**** Data provided

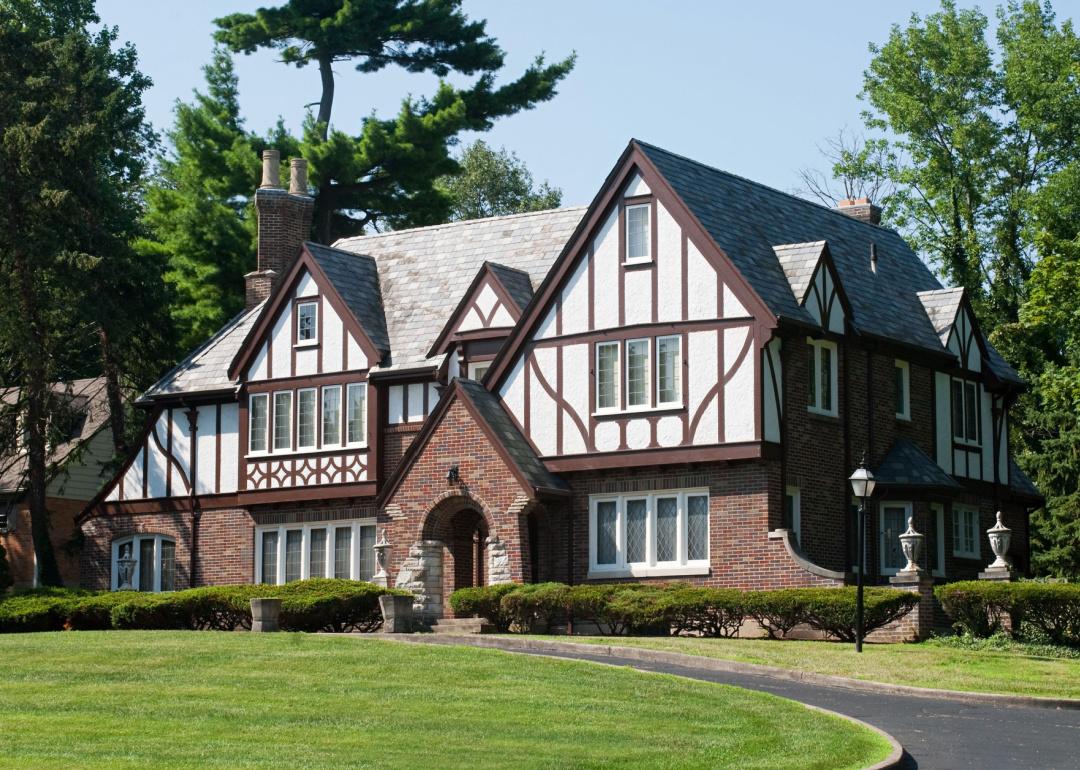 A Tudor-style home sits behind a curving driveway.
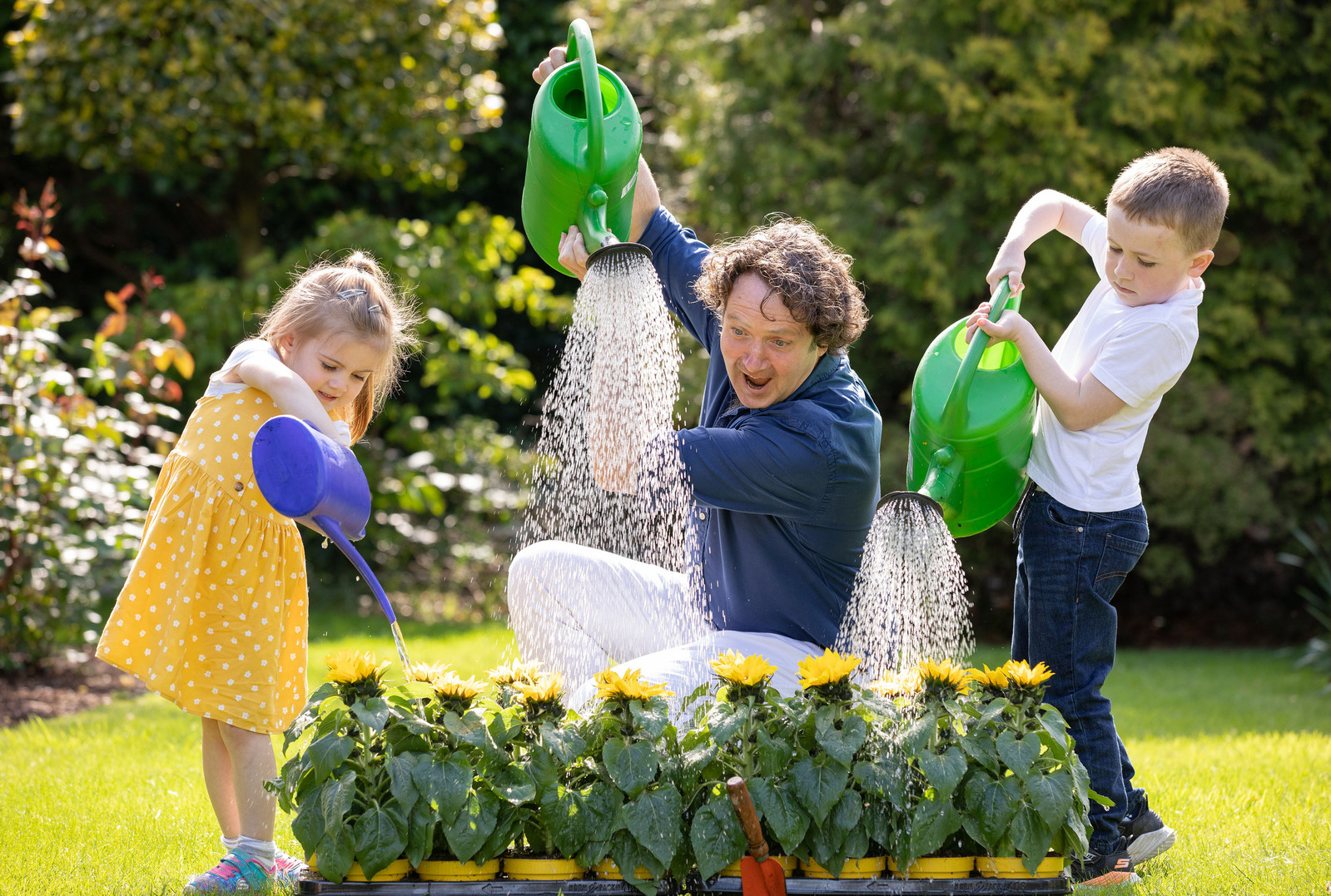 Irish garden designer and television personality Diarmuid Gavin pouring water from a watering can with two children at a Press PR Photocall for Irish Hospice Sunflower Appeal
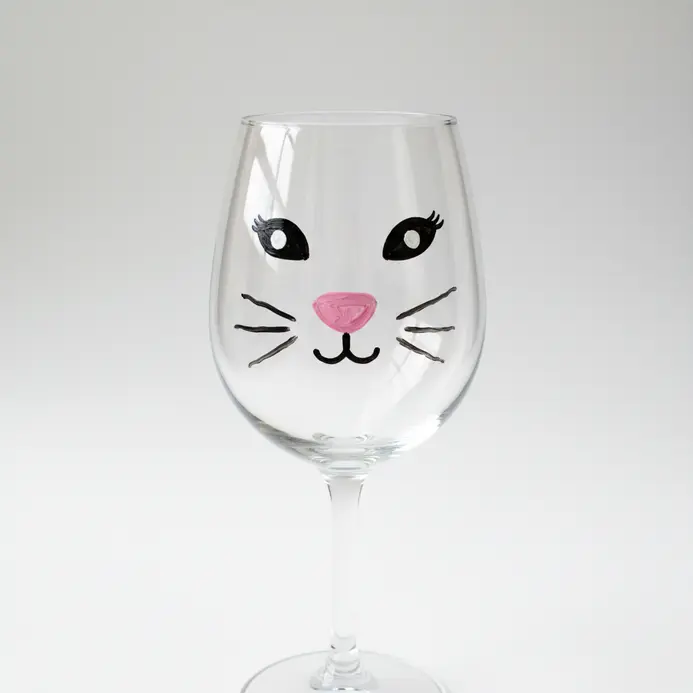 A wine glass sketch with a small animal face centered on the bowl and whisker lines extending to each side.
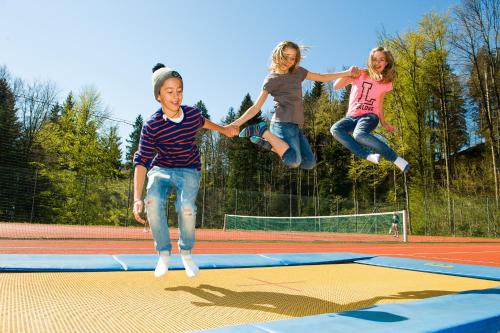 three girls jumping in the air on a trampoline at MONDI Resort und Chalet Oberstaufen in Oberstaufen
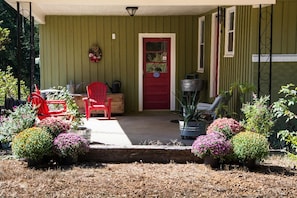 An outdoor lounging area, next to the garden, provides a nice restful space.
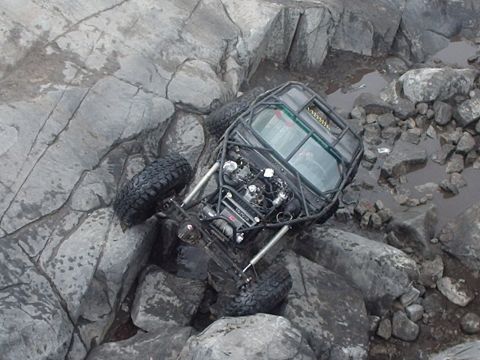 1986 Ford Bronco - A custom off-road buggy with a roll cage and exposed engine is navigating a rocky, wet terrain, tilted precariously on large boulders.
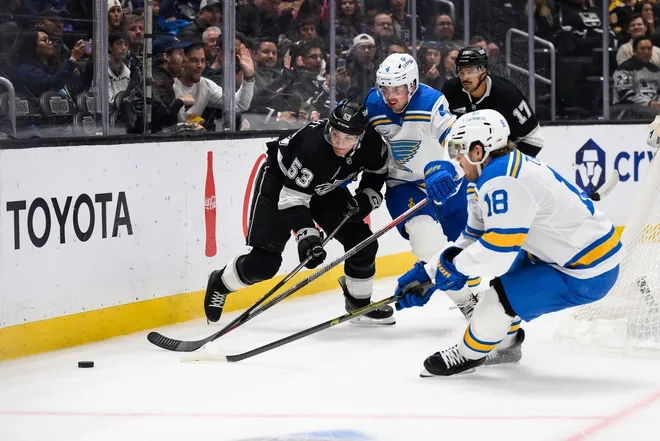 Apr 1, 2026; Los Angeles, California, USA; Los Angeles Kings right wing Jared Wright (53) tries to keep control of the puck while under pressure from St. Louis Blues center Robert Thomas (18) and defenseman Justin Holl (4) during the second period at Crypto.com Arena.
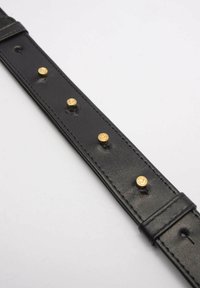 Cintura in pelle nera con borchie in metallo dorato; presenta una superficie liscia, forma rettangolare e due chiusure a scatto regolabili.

********
**** Data provided

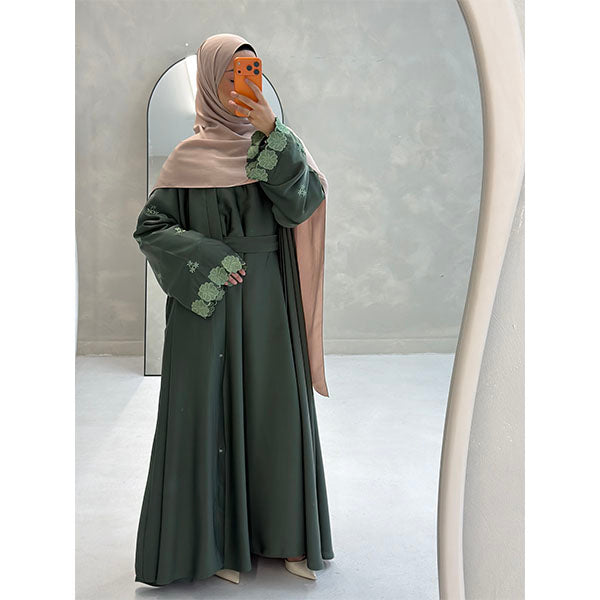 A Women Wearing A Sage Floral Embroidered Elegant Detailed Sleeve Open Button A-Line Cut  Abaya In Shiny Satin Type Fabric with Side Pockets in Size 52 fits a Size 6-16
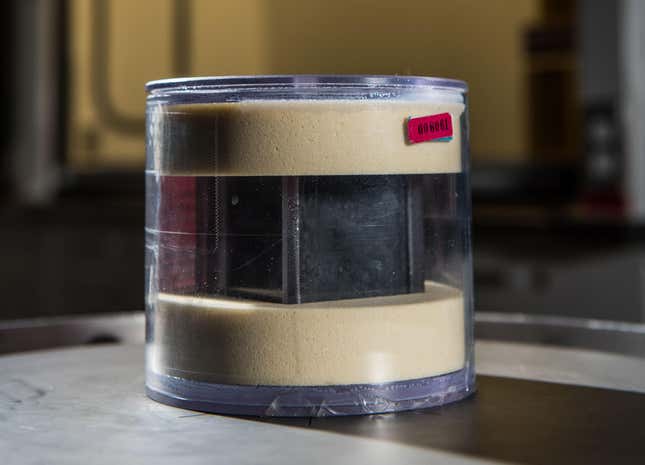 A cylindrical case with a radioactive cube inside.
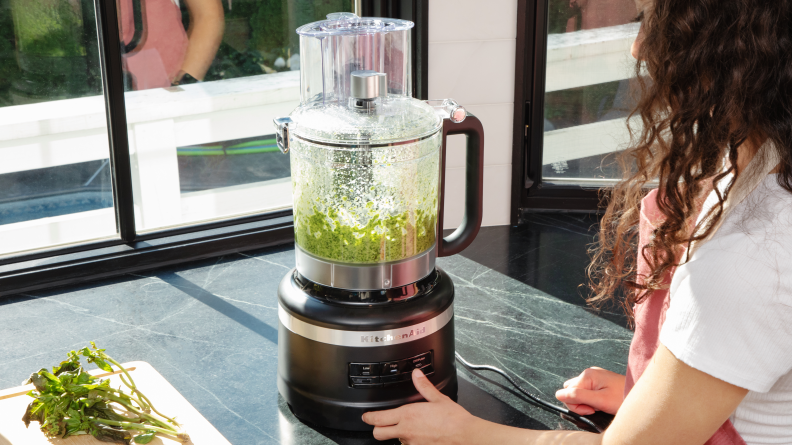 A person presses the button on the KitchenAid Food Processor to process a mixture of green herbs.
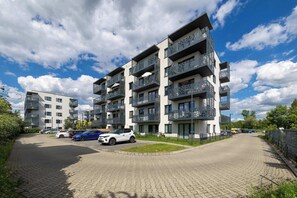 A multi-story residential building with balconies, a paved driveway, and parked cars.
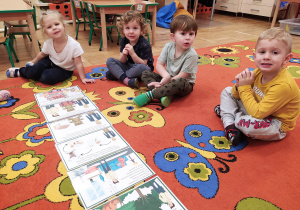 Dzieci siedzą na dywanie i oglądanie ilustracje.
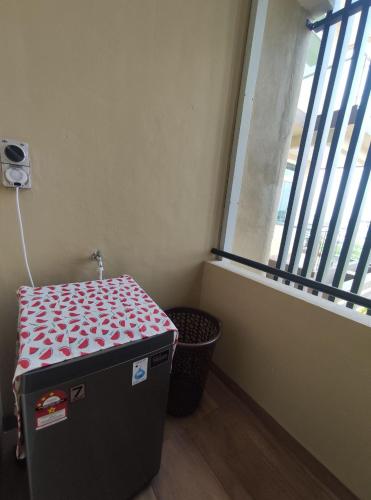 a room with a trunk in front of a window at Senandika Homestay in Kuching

********
**** Data provided

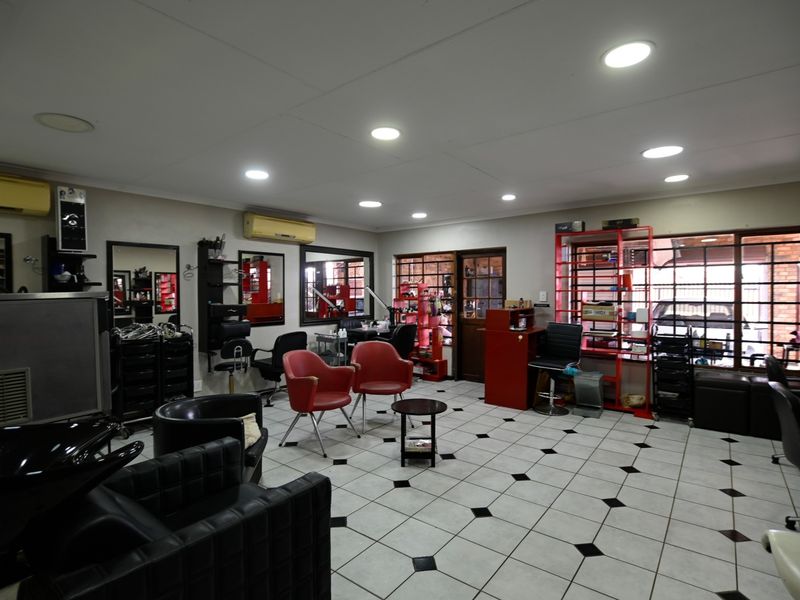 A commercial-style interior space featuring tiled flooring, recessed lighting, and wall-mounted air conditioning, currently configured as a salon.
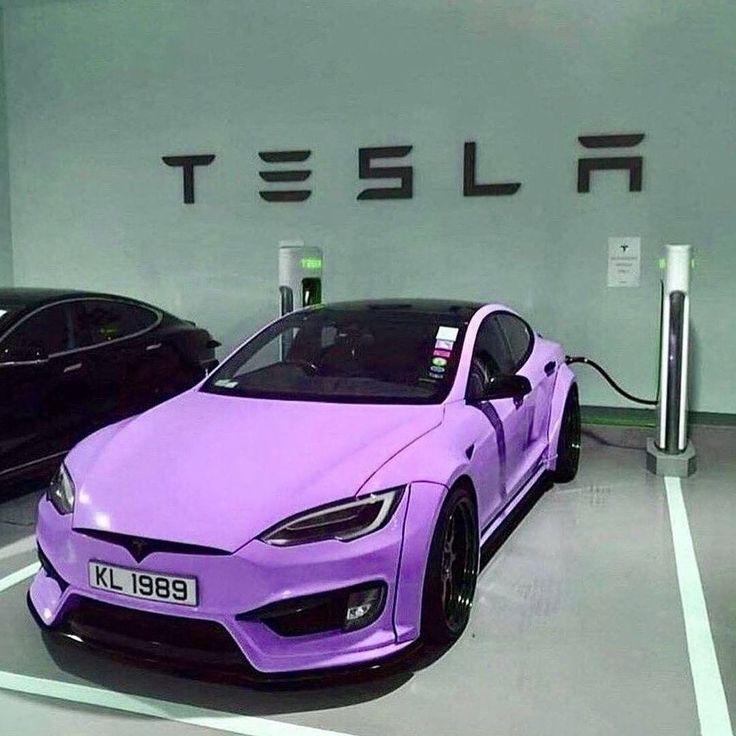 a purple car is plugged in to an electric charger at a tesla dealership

********

## What the task asks
While skipping the pictures, transcribe the data above from the line showing "A multi-story residential" through the line showing "a room with", exactly and with both ends.

## Answer box
 A multi-story residential building with balconies, a paved driveway, and parked cars.
 Dzieci siedzą na dywanie i oglądanie ilustracje.
 a room with a trunk in front of a window at Senandika Homestay in Kuching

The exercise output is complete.